### DATASET EXTRACT ###
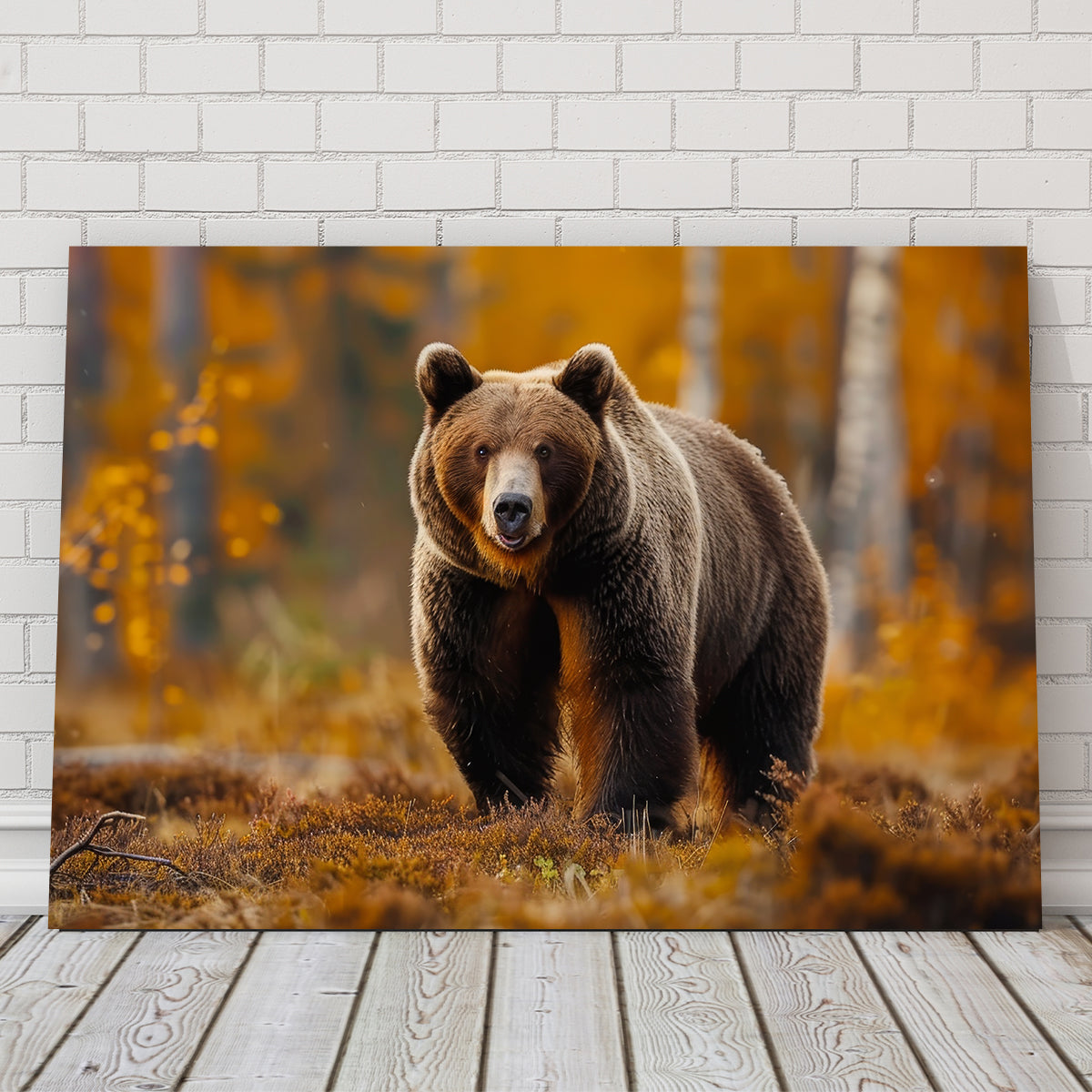 Autumn Forest Brown Bear Wall Art - Stunning Decor for Your Space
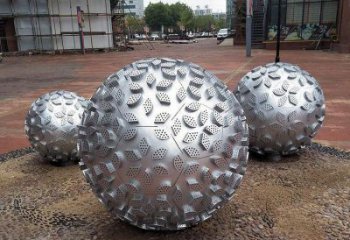 鏤空球雕塑廠家 凸凹圖案設(shè)計(jì) 不銹鋼鏤空球雕塑加工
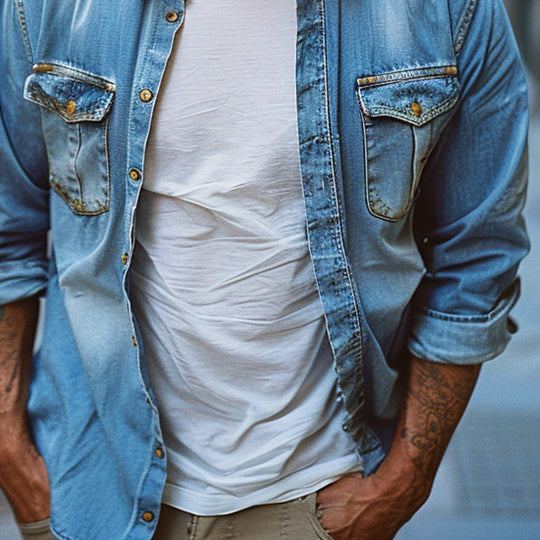 Men's Casual Lapel Denim Long Sleeve Shirt 9894194872504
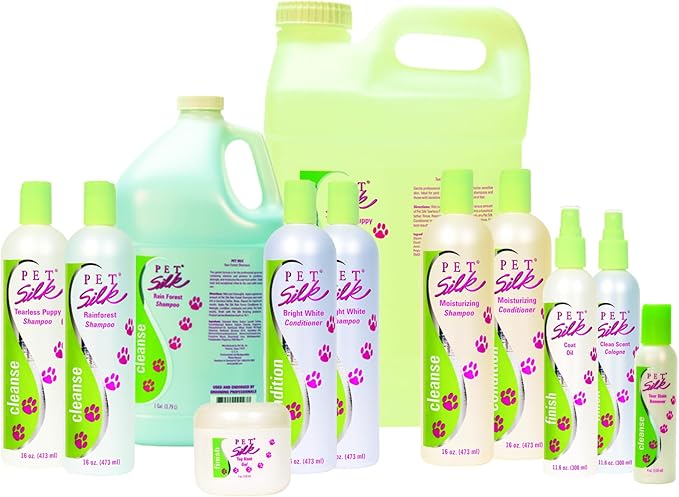 Pet Silk Hypoallergenic Shampoo, Free of Dyes and Fragrances, Specially Designed for Pet's with Sensitive Skin, Infused with Keratin, Achieve a Strong, Healthy & Smooth Coat for Your pet! (16oz)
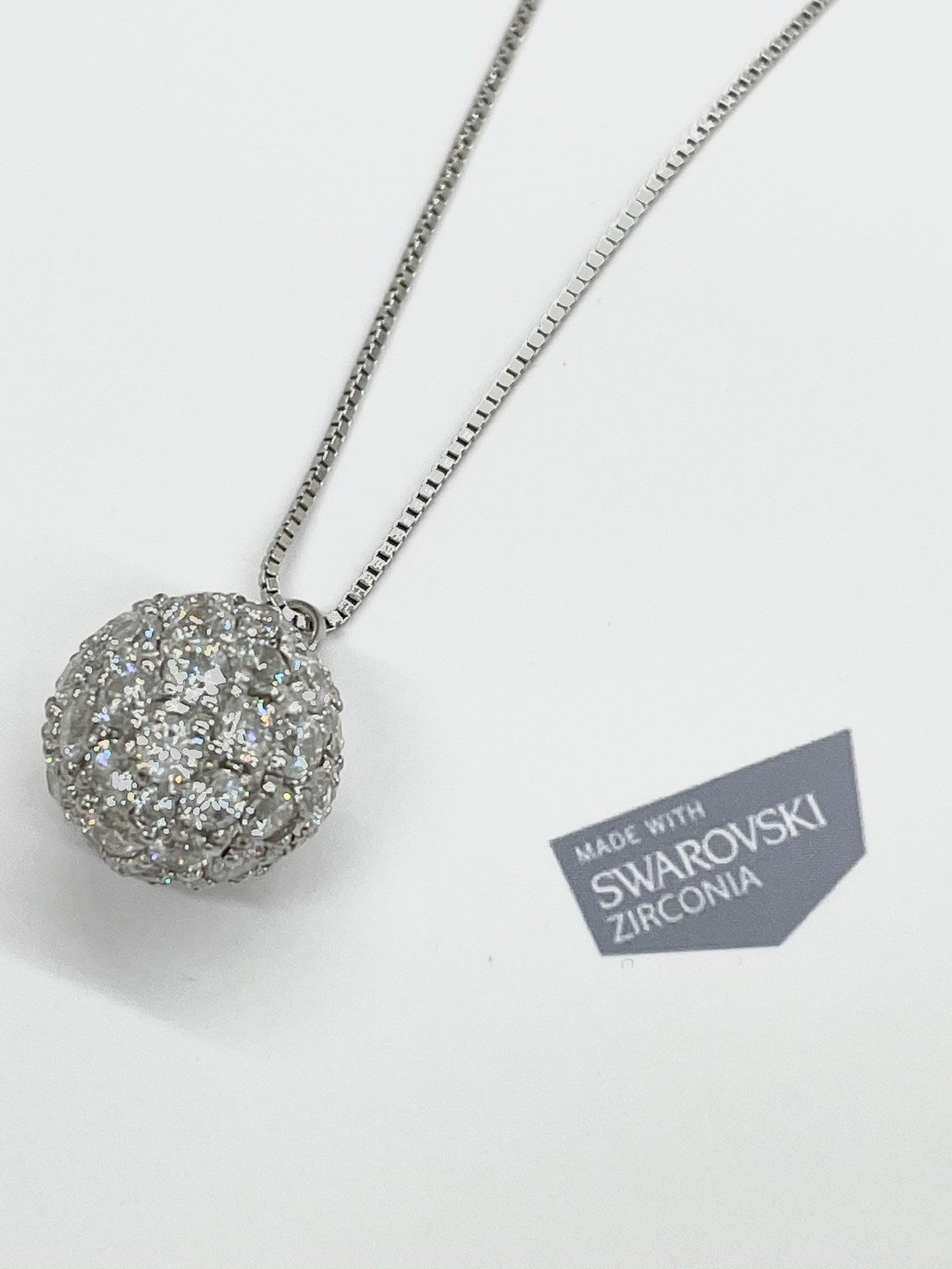 シルバー 925AAAキュービックCZ パヴェボール ネックレス *新品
###
#### [PROBLEM STATEMENT]
Extract the text of all the records above verbatim, excluding pictures.

#### [SOLUTION TO THIS PROBLEM]
 Autumn Forest Brown Bear Wall Art - Stunning Decor for Your Space
 鏤空球雕塑廠家 凸凹圖案設(shè)計(jì) 不銹鋼鏤空球雕塑加工
 Men's Casual Lapel Denim Long Sleeve Shirt 9894194872504
 Pet Silk Hypoallergenic Shampoo, Free of Dyes and Fragrances, Specially Designed for Pet's with Sensitive Skin, Infused with Keratin, Achieve a Strong, Healthy & Smooth Coat for Your pet! (16oz)
 シルバー 925AAAキュービックCZ パヴェボール ネックレス *新品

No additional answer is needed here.